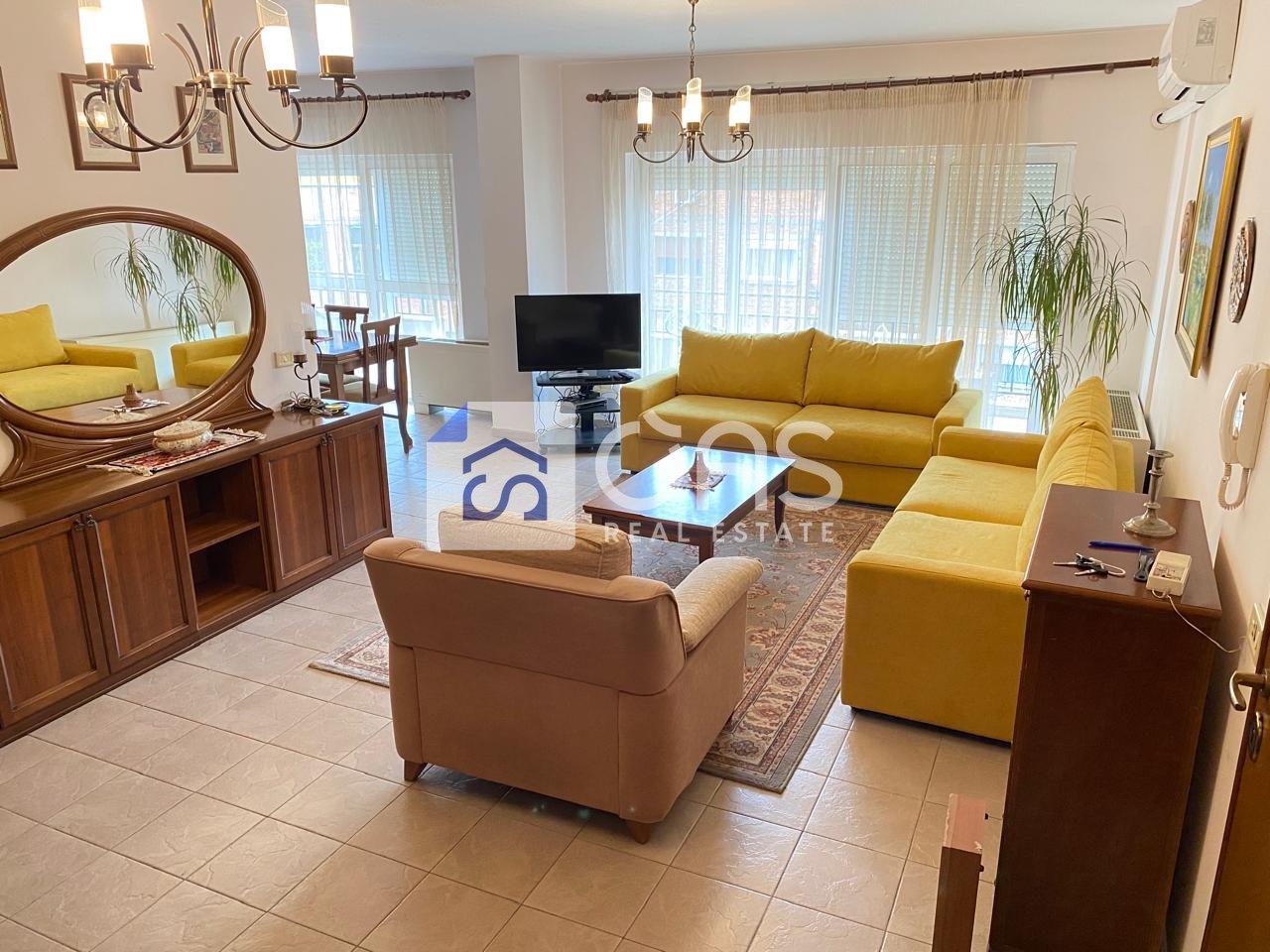 Duplex 3+1+2 for rent on Elbasan Street (American Embassy)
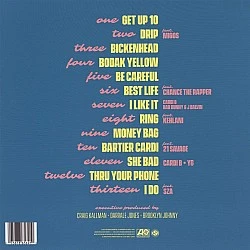Cardi B ‎– Invasion Of Privacy Plak 2 LP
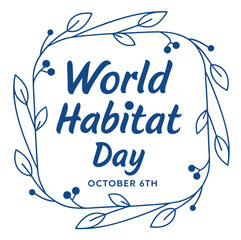 world habitat day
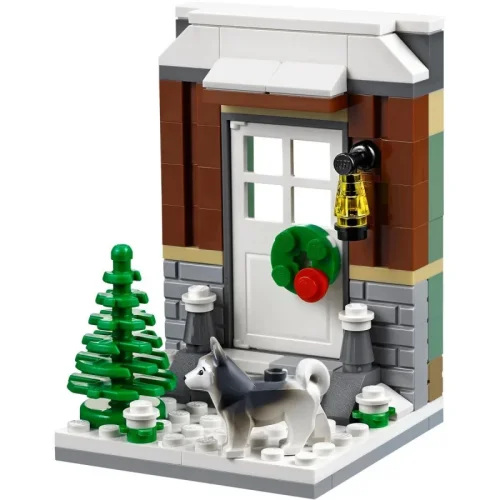 LEGO® 40124 Winterspaß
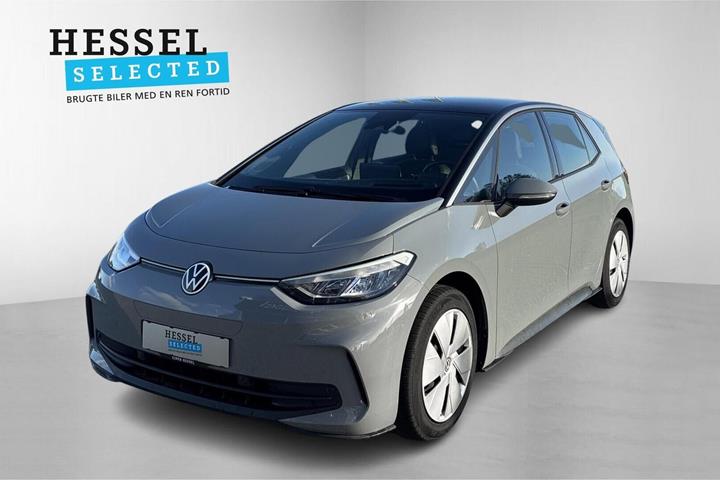 Hvid VW ID.3 fra 2024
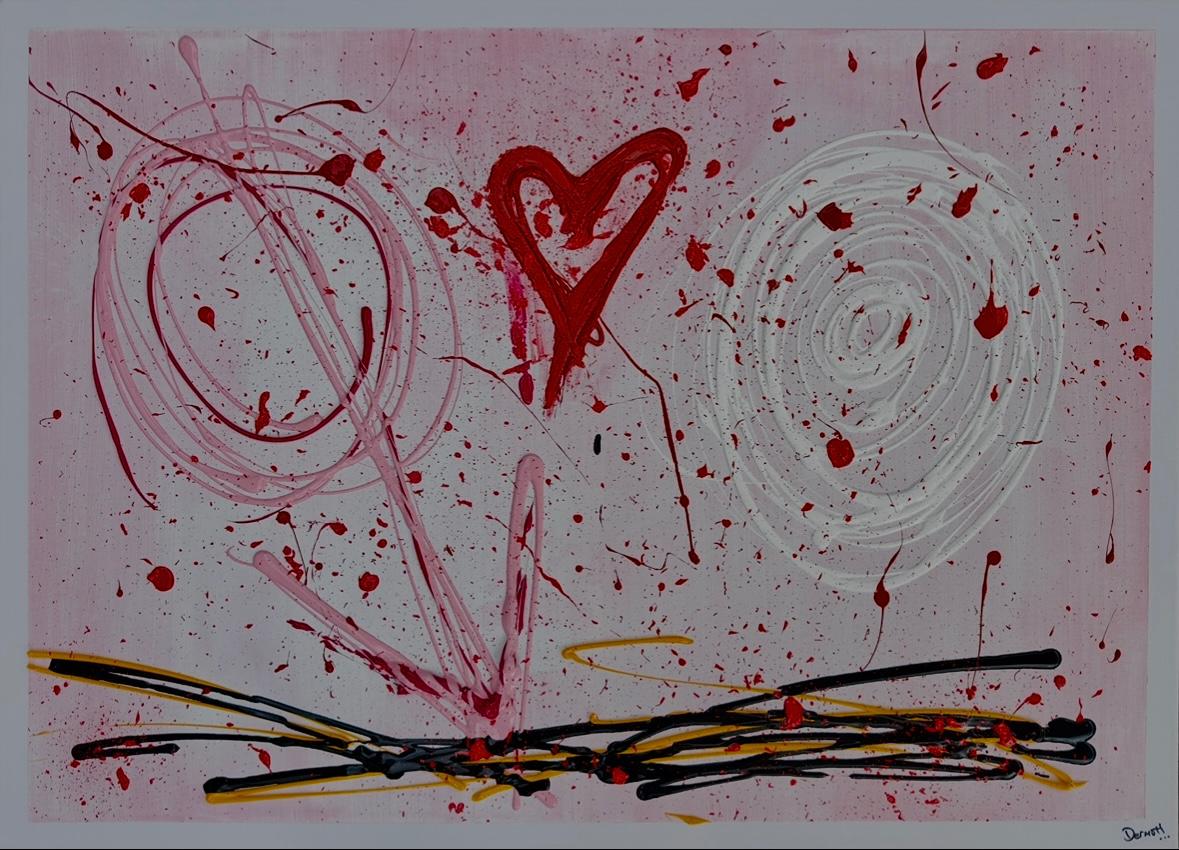 Deep, the Depth. Her. Warm Embrace’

┄┄┄┄┄┄

* Task to carry out *
I would like you to retype exactly the lines running from the one containing "Hvid VW ID.3 fra 2024" to the last line of the entries, both included, leaving all pictures out.

* Solution to this task *
 Hvid VW ID.3 fra 2024
 Deep, the Depth. Her. Warm Embrace’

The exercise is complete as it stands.